The Do Not Enter signs will come down after this stretch of 4th Street SE will convert to two-way traffic

Motorists will continue to have a second way to drive across Charlottesville’s downtown pedestrian mall. City Council voted 3-2 at its meeting on April 7, 2008 to make the south-bound crossing at 4th Street SE permanent. Mayor Dave Norris and Councilor Holly Edwards both voted against the resolution.

Council also approved a recommendation by the Planning Commission to reopen 4th Street SE to two-way traffic just to the south of Water Street. The road is currently north-bound only from Garrett to Water Street, but that restriction will be dropped for a one-year trial period.

Council’s action comes nearly two years after the 4th Street crossing was first opened on a trial basis after 7th Street SE was closed to make way for the extension of the Mall to the Charlottesville Pavilion. Council voted in June 2007 to extend the trial, but former City Councilor Kevin Lynch directed staff to evaluate whether 5th Street would make a better crossing. Staff recommended keeping the crossing where it is, and the Planning Commission agreed at its meeting in March 2008 .

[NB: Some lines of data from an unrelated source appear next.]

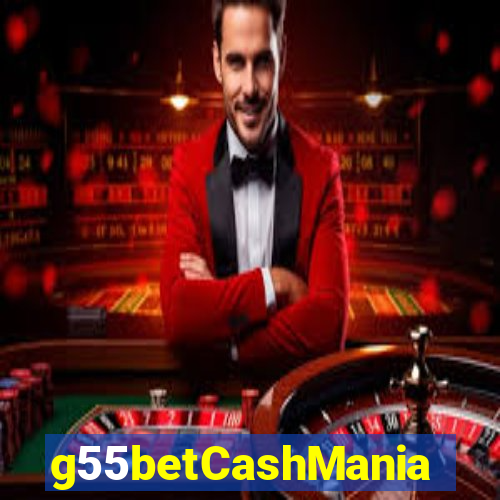 g55betCashMania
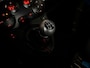 Fiat 500 0.9 TWINAIR T 500S l CABRIO l DIGITAAL DASH l LMV l PDC l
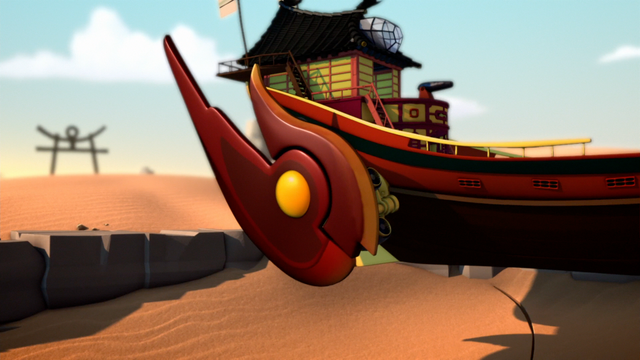 File:MoS3Bounty6.png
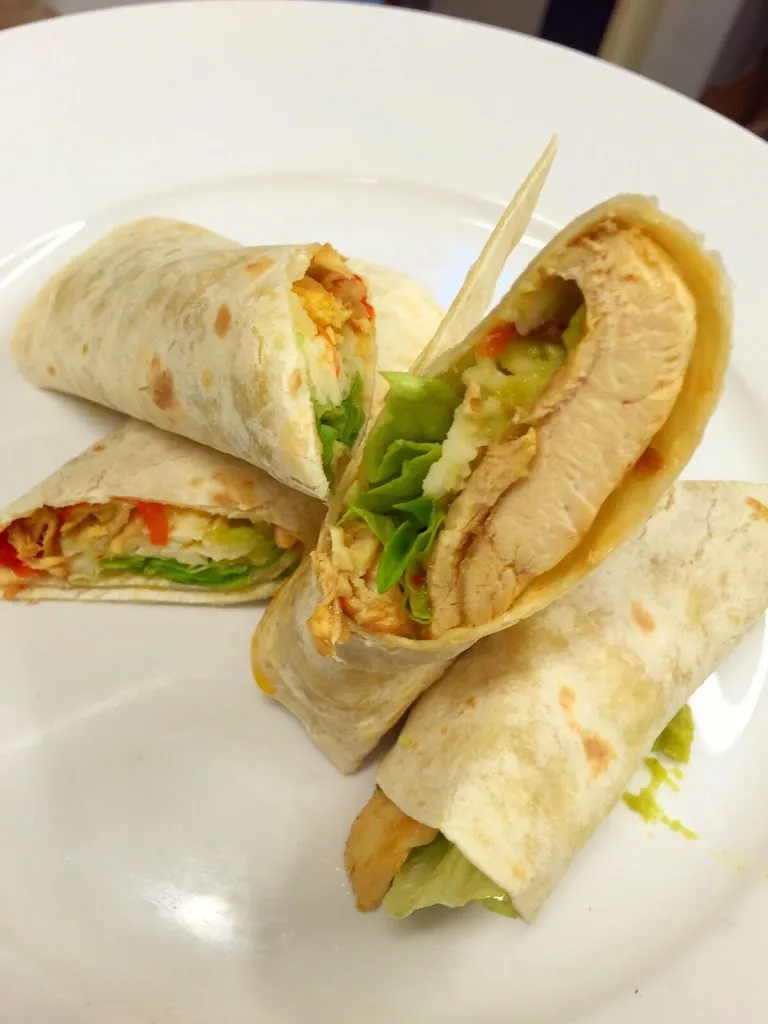 La Perfecta_Bueu_slider_image_3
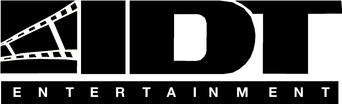 IDT Entertainment
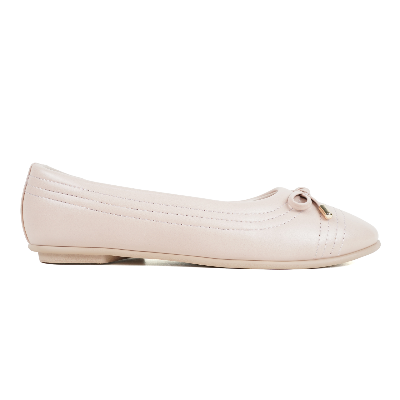 Picture of Nino Rossi Women's Pumpy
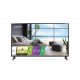 LG TV 43" 109 cm FHD LED TV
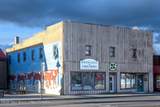 21 Pine Street - Photo 1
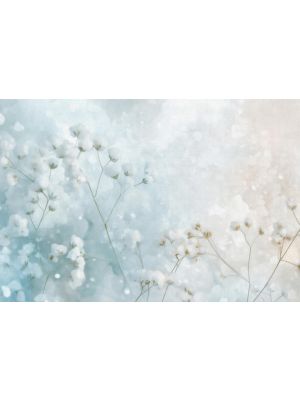 22077-07-01 Art Edition 2 Fototapete iz flisa 400/270 cm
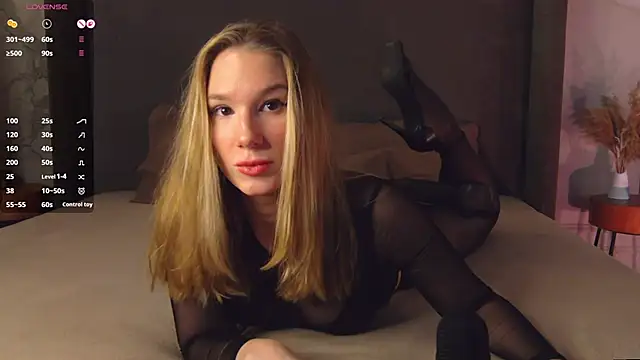 LeslieMines online show from March 10, 6:28 am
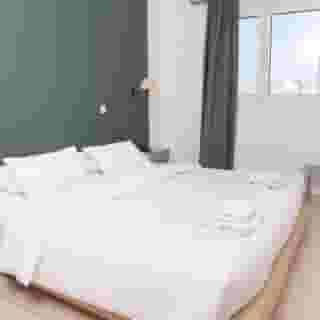 Ikaros Art Hotel, 4 of 5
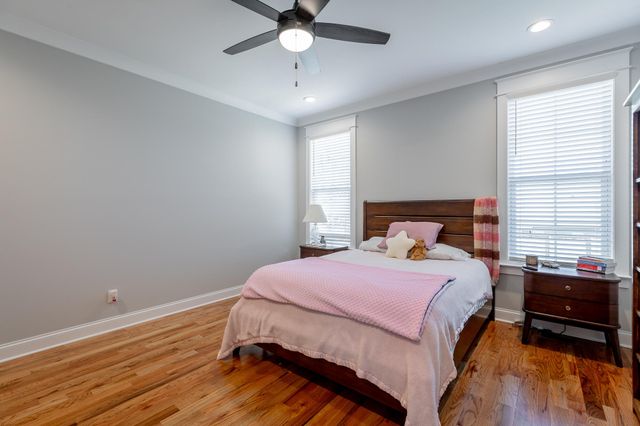 5012 Swan Road, Chattanooga, TN 37416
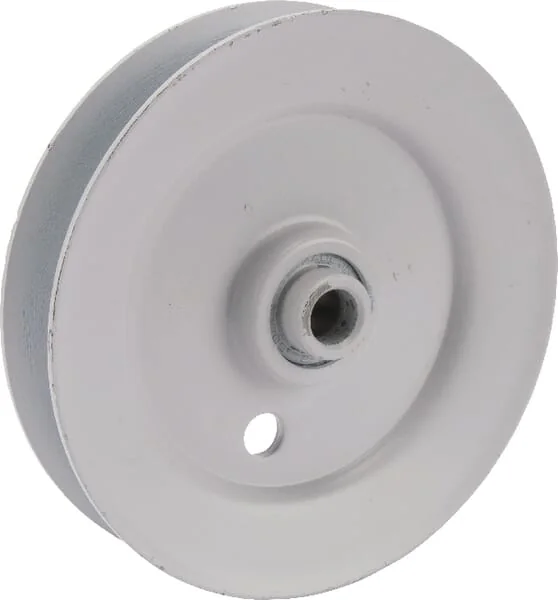 Simplicity Snapper - 7011029YP - Tensioner Pulley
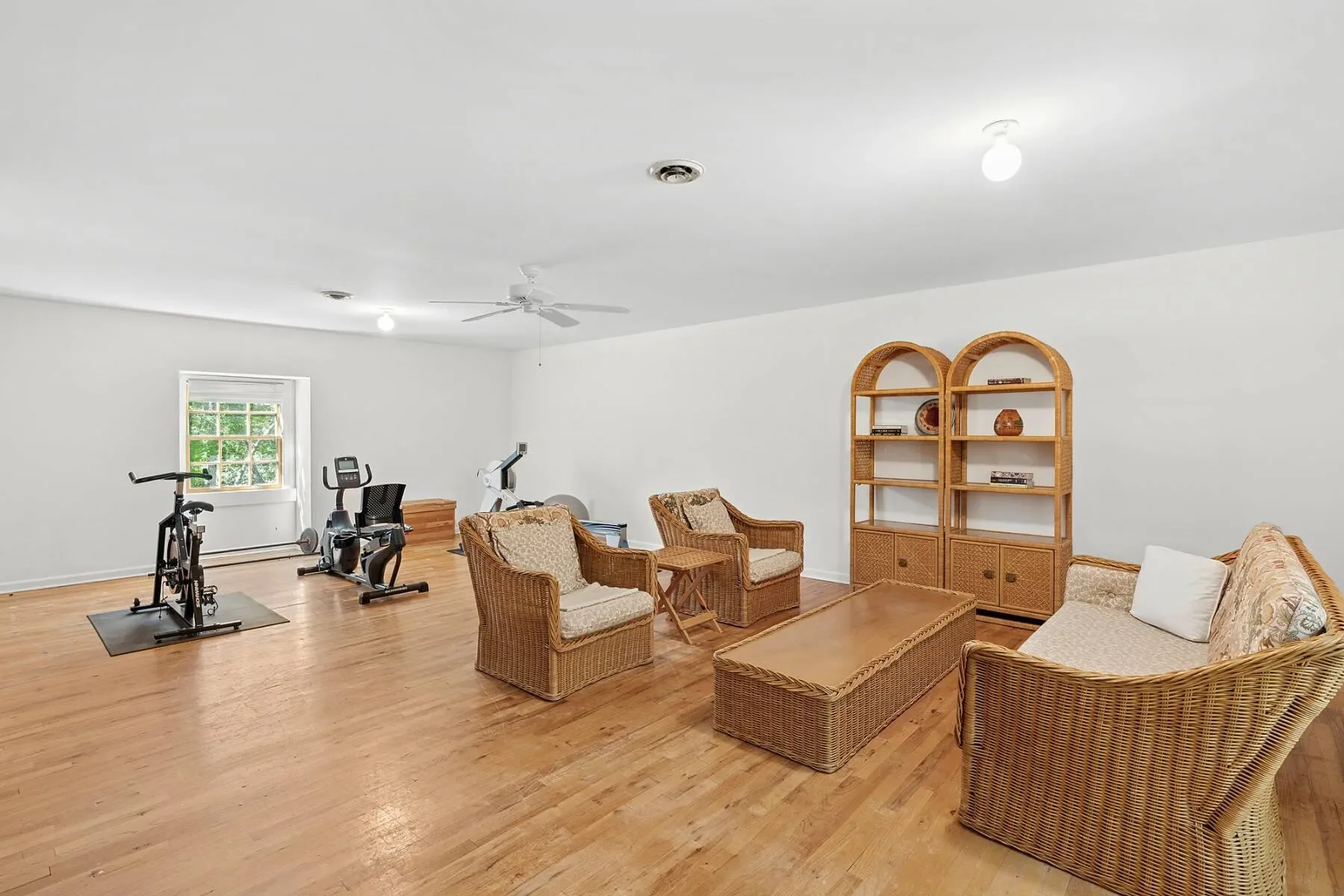 Gallery photo 9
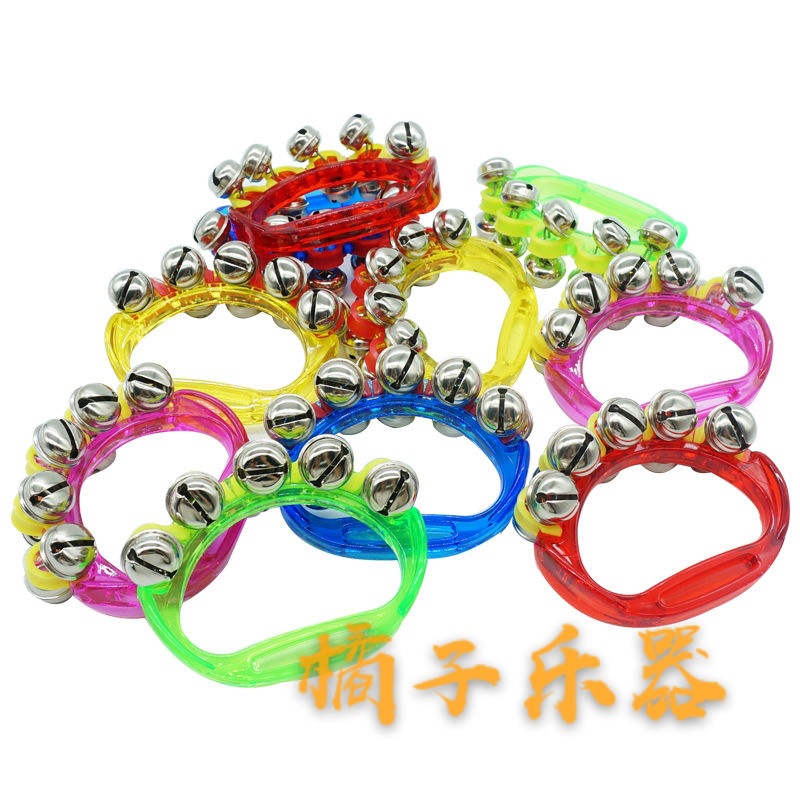 1588403290578_mh1588403389467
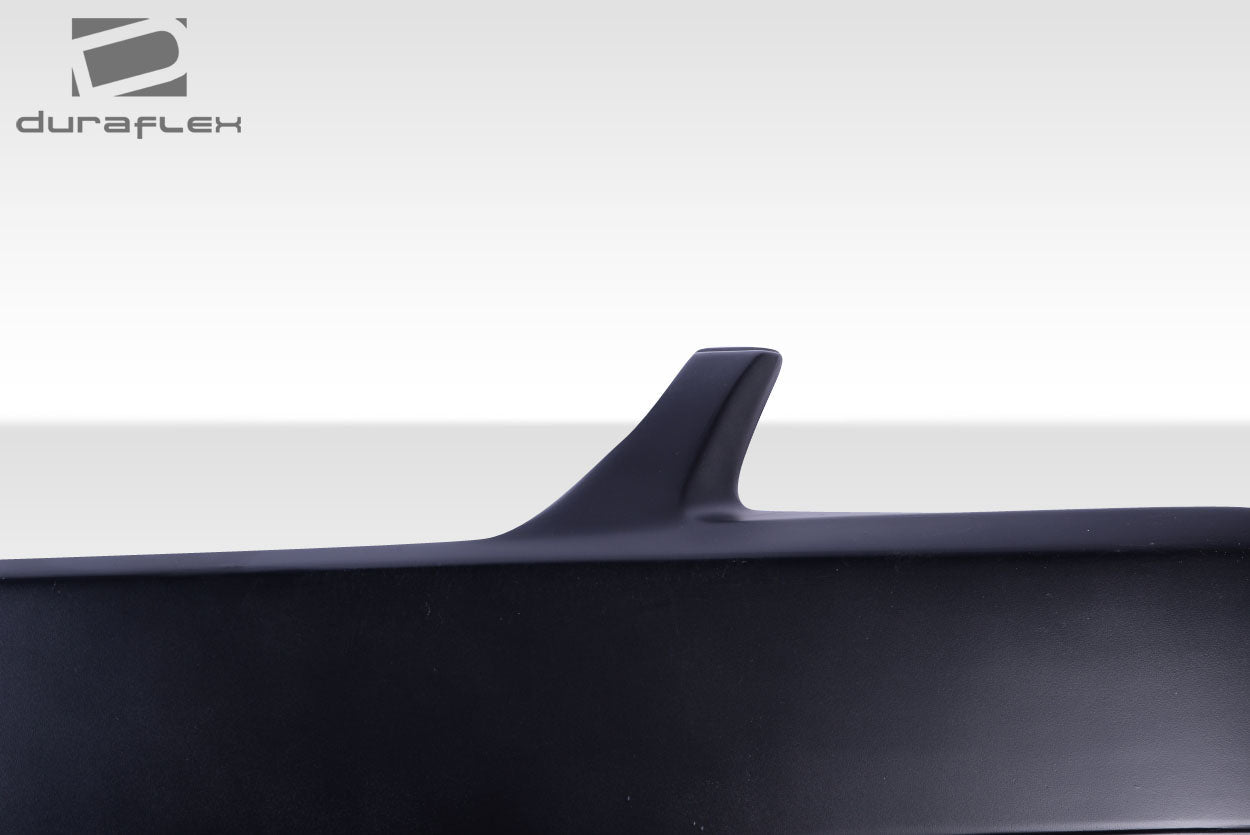 Bumper Covers - Front 115266 Duraflex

The Commission also suggested reducing parking on 4th Street SE between Market and Water, and suggested opening up the crossing during Pavilion events. Currently it is closed because of the increased number of pedestrians, but some Commissioners felt it should always be open. Council sided with the views of the Police Department, who want to see the crossing closed during special events.

Neighborhood Services Director Jim Tolbert said that the $1 million cost estimate that has
been associated with the construction of a permanent crossing is no longer accurate. That figure assumes that the utilities along 4th Street SE would be placed underground and that the sidewalks would get a major upgrade – key features of the Mall renovation project.

“What’s being recommended now… is that we would just do the bricking improvements as part of the redesign of the Mall project,” Tolbert said. “What we want on both 2nd Street W and 4th Street E is to make sure that any automobile coming up realizes they’re entering into a pedestrian space.”

Tolbert’s resolution for Council did not include any changes in side street parking, pending the result of an ongoing study on the City’s needs. NDS staff will also begin studying 4th Street E to see if two-way traffic affects traffic patterns in neighborhoods to the south.

While there was no public hearing on the resolution, two citizens addressed the matter during the Council’s public comment period. Former City Council Candidate Peter Kleeman pleaded with City to take time to study the need for the crossing, which he said infringed on pedestrian space. Collette Hall of the North Downtown Neighborhood Association asked Council to not re-open 4th Street E to two-way traffic out of a concern that the roadway would become a short-cut.